Sefaria / Sefaria-Project

New Interfaces for Jewish Texts
https://www.sefaria.org
653 stars 265 forks source link

Word stem searching #262

Closed rg-net closed 6 years ago

rg-net commented 7 years ago

It seems currently that there is no way to do word stem searching. For example if I search for שמחה it will not pickup ושמחת or any other variant. This leads to pretty pathetic searches sometimes. Especially, when I'm seeking to understand a concept of a word within Torah.

Both Sphinx and Lucene (Solr, ElasticSearch, etc.) have very good stemming built in. As we continue to grow our online resources this is probably a very important thing to add in to our system so that searches can be developed that are more comprehensive in scope.

Would love to see more comprehensive searching be put into the system. - Thanks!

EliezerIsrael commented 7 years ago

Thanks for the reminder. This is certainly a painful limitation, currently, and we'd like to improve it.

We use ElasticSearch. My experience is that the built in stemming is not helpful - it's designed around English, while we're mainly concerned with Hebrew and Aramaic. There is a project that aims to support Hebrew morphology in Lucene - https://github.com/synhershko/HebMorph - but it's built for modern Hebrew. In my first tests, I found that it lead to dramatic over-matching in our corpus. Perhaps that was due to my own mistakes in configuration.

My sense is that the lowest hanging fruit is simply to use a regular expression to search our index for the requested word(s) with the addition of the common prefixes and suffixes. It wouldn't solve the full problem - internal letter additions and removals would not be caught - but it would give us something.

Certainly interested to hear if you have more insight into this issue.

rg-net commented 7 years ago

Morphology may be overkill if Regex works. Internal letters could be searched. In my estimation it is better to over-match than under-match. There is certainly a lot that can be done with Regex. Can I type in Regex today on the search line? Not really sure how to do RegEx with Hebrew and RTL LTR problems. Probably hard to read.
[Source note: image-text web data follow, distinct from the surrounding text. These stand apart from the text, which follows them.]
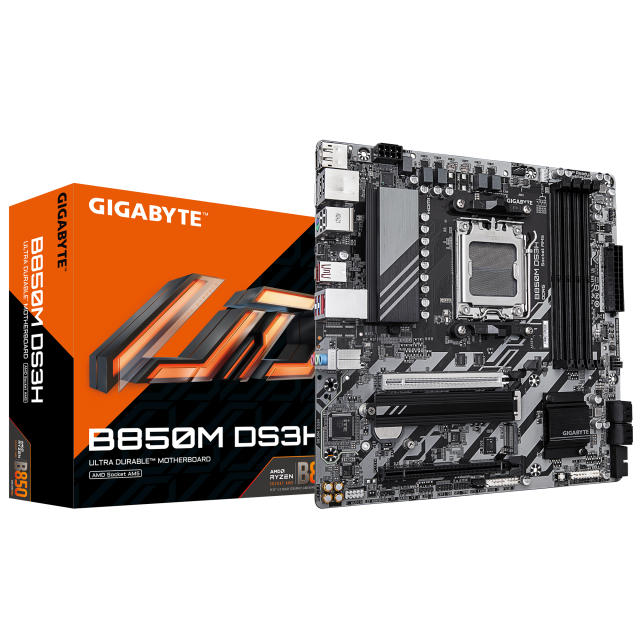Дънна платка Gigabyte B850M D3H, AM5, 4x DDR5, 2x M.2 NVMe, 4x SATA 6Gb/s, HDMI, 2x DP, mATX 
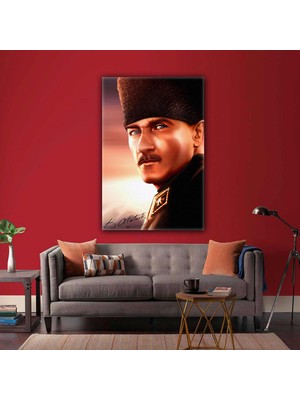SML Tablo Mustafa Kemal Atatürk Portre İmza Kanvas Tablo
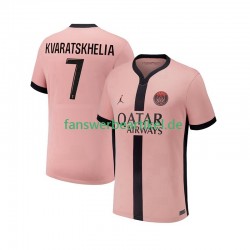 Khvicha Kvaratskhelia 7 Trikot Paris Saint-Germain Herren Ausweich ausrüstung 2024-2025 Kurzarm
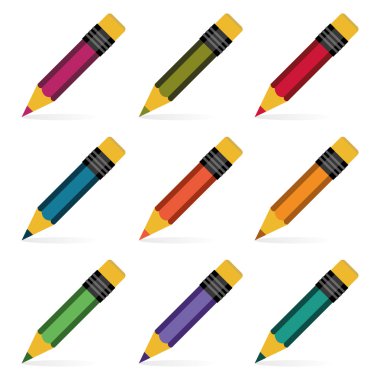 kalem seti. vektör çizim.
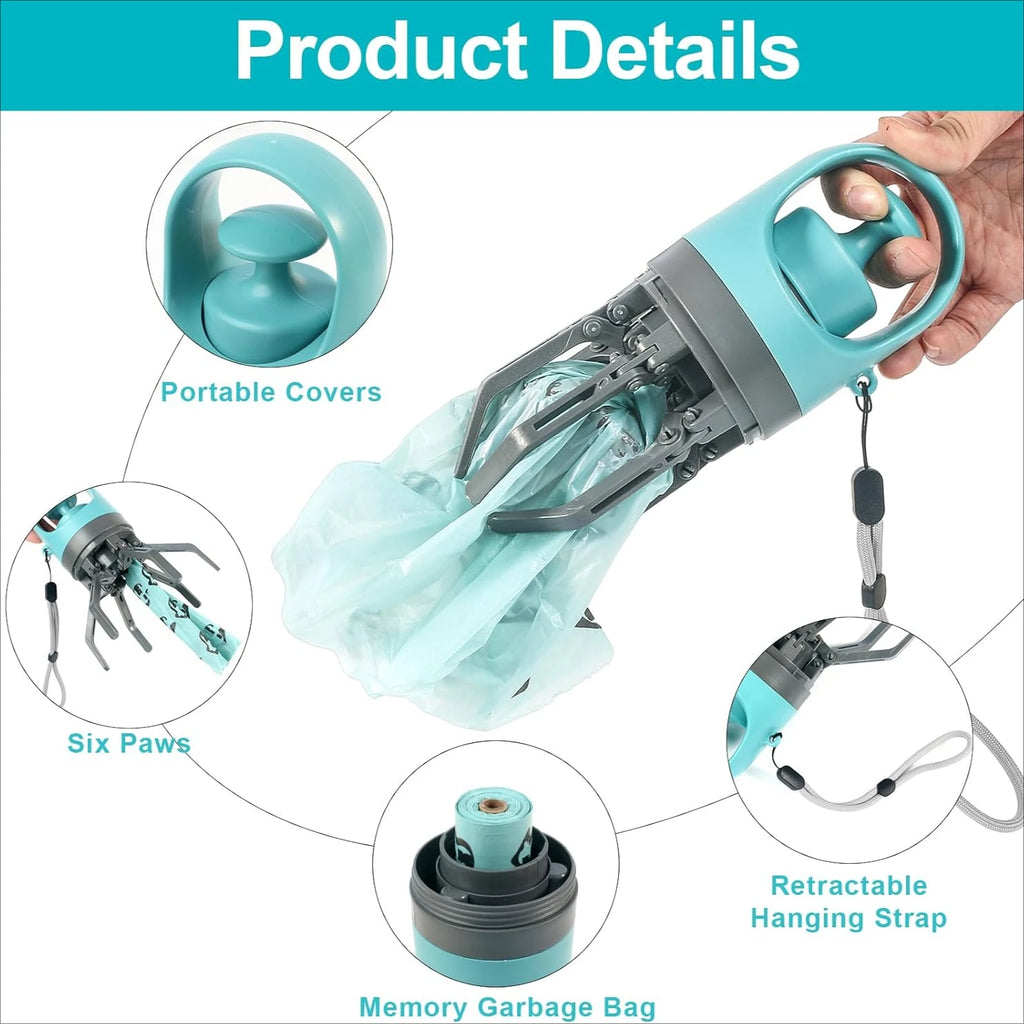 Dog Poop Scooper Set with Claw Picker, Leash Clip, LED Light, and Bag Dispenser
Will keep thinking on this.

blockspeiser commented 7 years ago

We've recently added some functionality to search that is making some improvements here with prefixes, and internals yuds / vavs as well. Searching שמחה is now catching וְשִׂמְחָה for example. If any has encountered some more specific examples of morphology they wished we would account for but don't currently, this is a good place to document them.

rg-net commented 6 years ago

This adds a lot of usefulness to the library you've built. Thanks so much.